Transformer classifcation network predicting the same class

Question

I have been developing a neural network based on transformers for binary classification. Both classes are balanced (750k observations for both). During training, the loss and metrics become NaN after a few batches (approximately 50 batches in). I investigated the issue a bit more in-depth and it found that it always predicts one class (denoted as 0). I'm a bit lost on why it is happening though. Adding more layers etc. does not help out with the issue.

The input is a vector of numeric values, namely intensities and mass values measured by a mass spectrometer. The output is wether or not the spectrum contains a biomolecule, indicated by 0 or 1.

Code is available if requested. But I'm also looking on some possible explanation on the phenomenon.

nan can come from multiple part of your code. Do you have nan in the data ? in the target ? Do you use custom layer ? loss ? — Lucas Morin
– Lucas Morin, Commented Jan 16 at 10:28
@LucasMorin There are absolutely no nans in the code. During preprocessing, multiple steps were incorporated to make sure of that one. I use custom layers though, maybe that could cause an issue somewhere. Additionally, the loss function is also a custom one. However, it seems to compute everything fine when manually running it on test samples. The layers could be one issue though. There are no errors though. In the first few batches within the first epoch, numerical values are reported though. It becomes NaN later on. Would you like to see the custom functions? — Fred
– Fred, Commented Jan 16 at 11:17
The problem might be with your custom loss function or custom layers. Is the loss decreasing before it becomes nan? — Valentas
– Valentas, Commented Jan 16 at 13:59

Joe King · Accepted Answer · 2025-04-05 18:43:37Z

The first thing that springs to mind is that there might be NaNs somewhere in the data, however that seems to have been ruled out in a comment to the OP. Putting that aside, what you are describing sounds a lot like exploding gradients which can occur when the gradients become excessively large during training, leading to unstable training and loss divergence which can eventually result in NaNs. Another possibility is vanishing gradients, occur when gradients become exceedingly small during backpropagation, preventing effective weight updates in earlier layers of the network. However, in my experience exploding gradients are much more common, and this answer concentrates on exploding gradients - though many of the ideas in this answer can address both issues (and other issues encountered with training neural networks).

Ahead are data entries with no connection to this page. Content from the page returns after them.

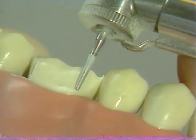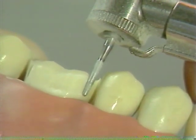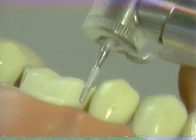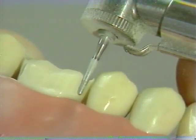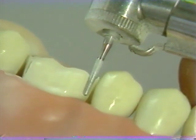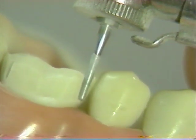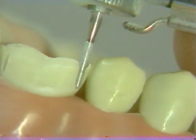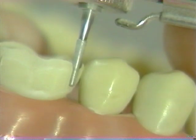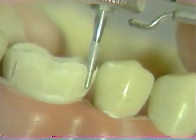Note that sufficient time is allowed for the rotary instrument to create space for itself, and in one continuous motion, the diamond is carried from the central to the mesial buccal depth groove. In the interproximal area, more tooth structure needs to be reduced, so the movement may be somewhat slower. The rotary instrument is then carried all the way through the proximal surface, and in this manner, clearance is obtained.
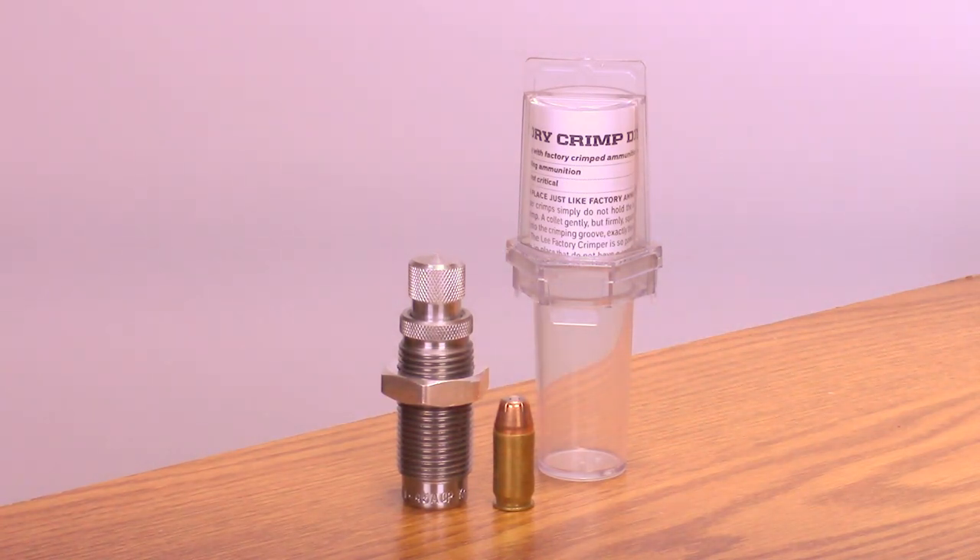It is impossible to buckle the case as with a conventional bullet seating die. Trim length is not critical, so this extra operation takes less time than it would if cases were trimmed and chamfered.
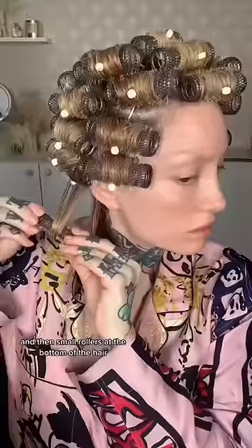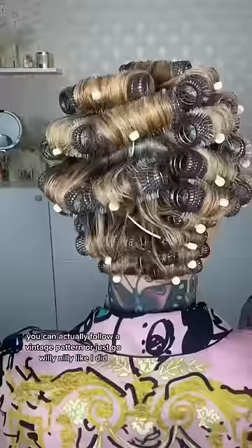I usually do medium rollers all throughout and then small rollers at the bottom of the hair. You can follow a vintage pattern or just go willy-nilly like I did. Then I'll put on my makeup and totally allow the curlers to set and dry.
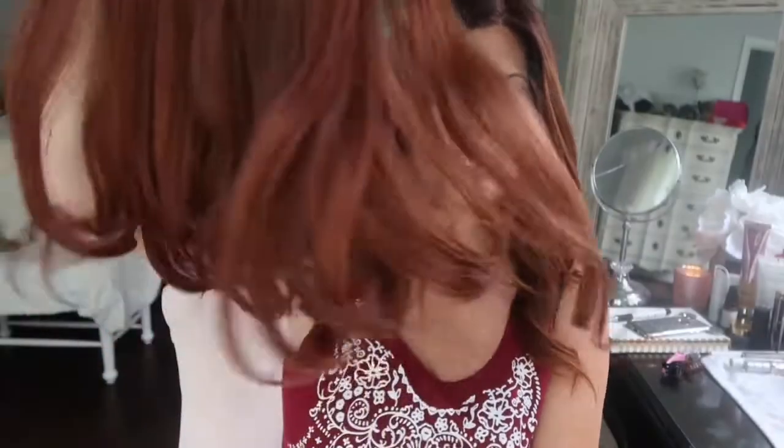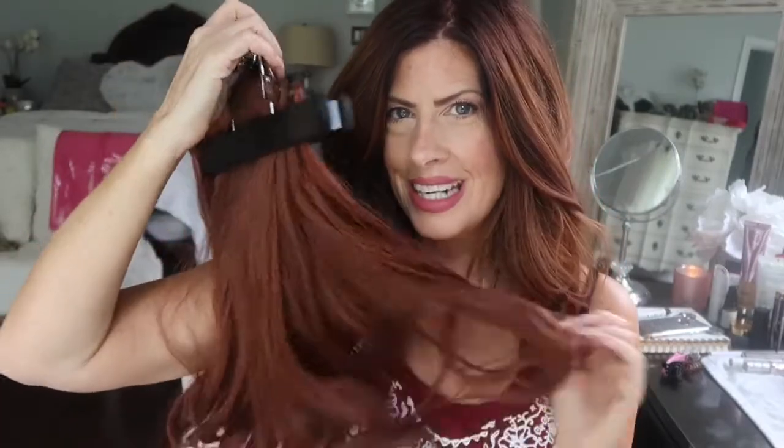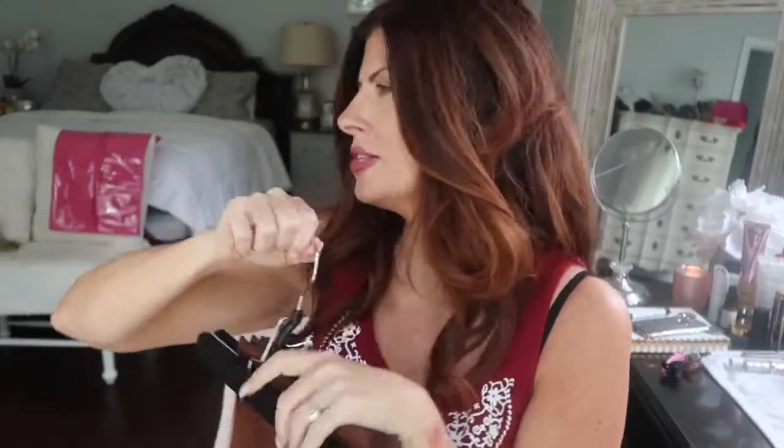First things first, these are my hair extensions. Aren't they pretty? This little hanger also comes with a little case — you can see it in the back, the pink one — to protect them and they hang up. I got that off of Amazon and, as always, I'll link everything in the description box. But these are the hair extensions that I got.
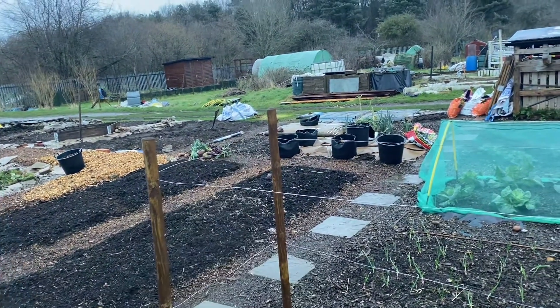Everything I've potted on here has been coated in this - it's just mycorrhizal fungi. Just been pouring a bit in and rolling the roots around. So yeah, the carrots are up - these are the flakier carrots.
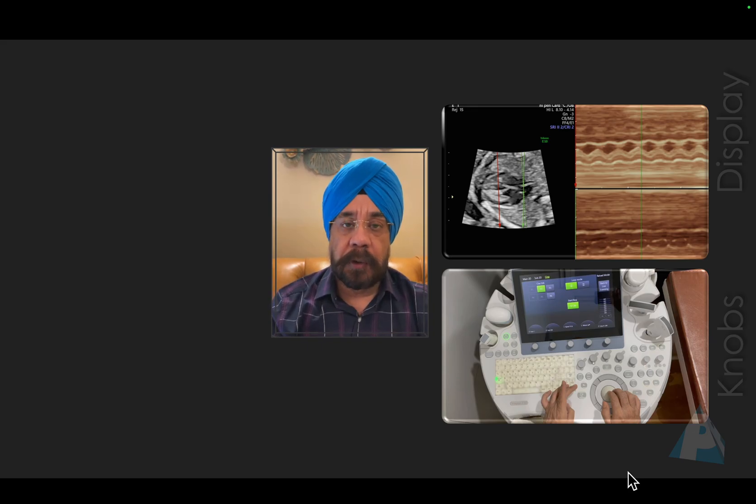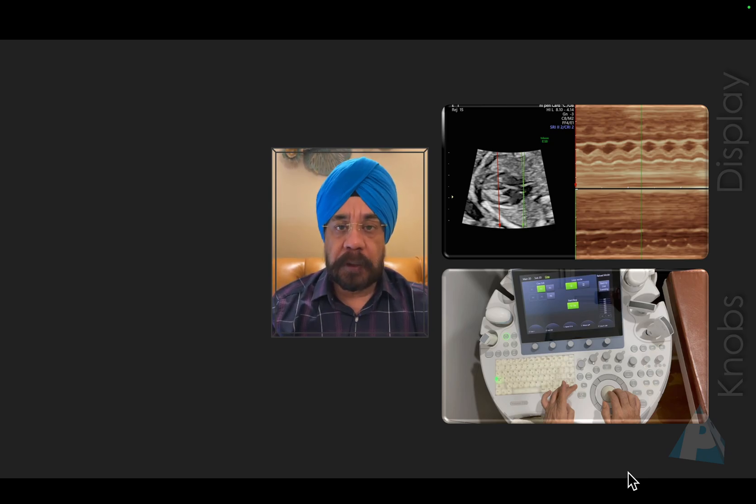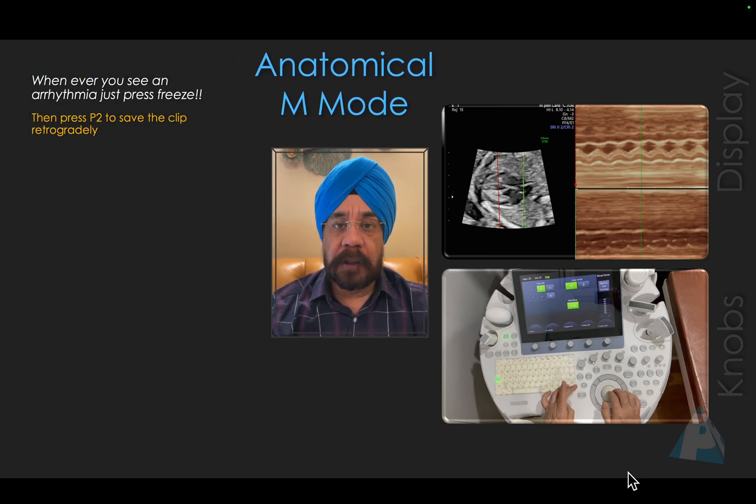I got a request about how to do an anatomical M-Mode on a Voluson or a GE machine like the S10 and S8. Most GE machines support this feature, which I'm going to share with you. I deliberately recorded this video in a very slow format so that it's easy to understand. Let me tell you what anatomical M-Mode is.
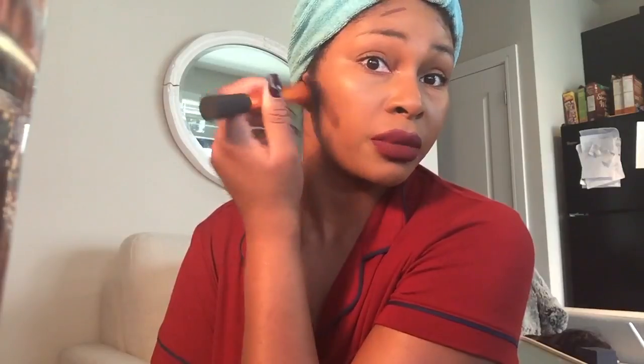I really have to blend mine out well, and I bring mine upward instead of downward.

FYIW, my money is on the NaNs causing the classification issue. To determine whether you have either issue, monitor the gradient magnitudes during training by tracking their norms (eg., the L2 norm) and visualising trends using tools like TensorBoard or bespoke visualisations. Observe the loss function for erratic spikes and check for sudden divergence in model outputs, which may signal instability caused by exploding gradients. Additionally, inspect weight updates to identify drastic changes between iterations, as such behaviour can indicate unstable updates contributing to the problem.

To fix the problem of exploding gradients, there are several things you can try (in no particular order):

1.Use of custom layers:

Custom layers might involve operations like division, exponentials, or logarithms that can become unstable when processing edge cases or extreme inputs. Adding safeguards such as clamping or small constants (eg., adding $\epsilon$ to denominators) can help ensure stability.
Custom layers might inadvertently block or distort gradient flow, especially if non-differentiable or poorly scaled operations are introduced. Visualise gradients during backpropagation (eg., using hooks in PyTorch or GradientTape in TensorFlow) to help ensure they propagate correctly through these layers.
Test each custom layer with synthetic data to confirm it behaves as expected across a wide range of inputs. Specifically, verify that outputs remain stable and gradients flow appropriately for inputs with different magnitudes or edge cases.

2. Use of Custom Loss Function:

A custom loss function that outputs very large or very small values can destabilise training, especially if gradients are amplified or suppressed as a result. Check loss outputs across training batches to ensure they remain within a reasonable range.
The custom loss function might fail to account for edge cases, such as zero inputs, extreme values, or invalid probabilities, leading to NaN or extreme gradients. Add checks and fallback mechanisms to handle such cases safely.
Temporarily replace the custom loss function with a standard one (eg., binary cross-entropy) to see if the issue persists. If using the custom loss is important, compare its outputs to the standard loss to verify similar behaviour under normal conditions.

3. Adjust the Learning Rate

If set too high, updates may overshoot the optimal values, causing exploding gradients or oscillate, making training unstable.
A high learning rate can cause gradients to explode as updates become excessively large. Reducing the learning rate slows down updates, helping to stabilise training and control gradient magnitudes.
A gradual warmup starts with a small learning rate and incrementally increases it over the initial training epochs. This helps to allow the model to adapt to the optimisation process without sudden large updates that could destabilise the gradients.

4. Gradient Clipping

Gradients are rescaled if their norm exceeds a predefined threshold, maintaining their direction but reducing their magnitude.
Two popular methods are norm-based clipping where the gradients are re-scaled, and value-based clipping where gradients are truncated when their values exceed a specific target
Deep learning frameworks including Keras, PyTorch and TensorFlow provide built-in clipping functionality.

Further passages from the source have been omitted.